The charges against Bonilla are intricately linked to former president Hernández, who prosecutors accuse of using security forces to protect drug shipments. His testimony could provide a trove of evidence backing up those allegations.
“If [Bonilla] was extradited to the United States and decided to cooperate, it would be the final nail in the coffin of Hernández,” Mike Vigil, the Drug Enforcement Administration’s (DEA) former chief of international operations, told Vice News following the extradition request targeting Bonilla last year.
US prosecutors depict Bonilla as a “highly trusted” lynchpin who operated on the orders of Hernández and his brother to shield drug shipments and conduct “special assignments, including murder,” according to Justice Department press release and the criminal complaint outlining the charges against the former police chief.
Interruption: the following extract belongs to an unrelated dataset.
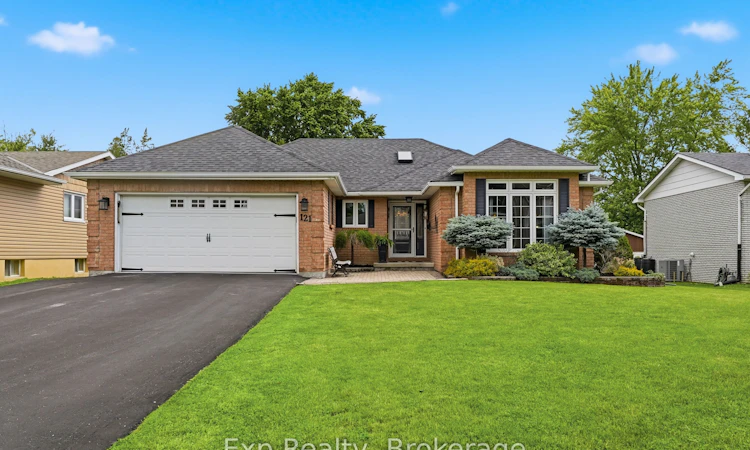 121 Simcoe Street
This included the murder of a rival drug trafficker who had prevented Tony Hernández from moving drugs in western Honduras and the use of violence to protect politically-connected drug traffickers, including Hernández and his brother, according to US prosecutors and witness testimony cited in the criminal complaint.
Bonilla also featured in the 2019 trial of Tony Hernández, with a former drug trafficker turned witness describing the veteran officer as a close confidant of then-president Juan Orlando Hernández who helped to shield drug shipments.
Allegations of state-sponsored drug trafficking have plagued Honduras for years, implicating an array of top politicians, the military and police – many linked to the former president’s alleged criminal activity.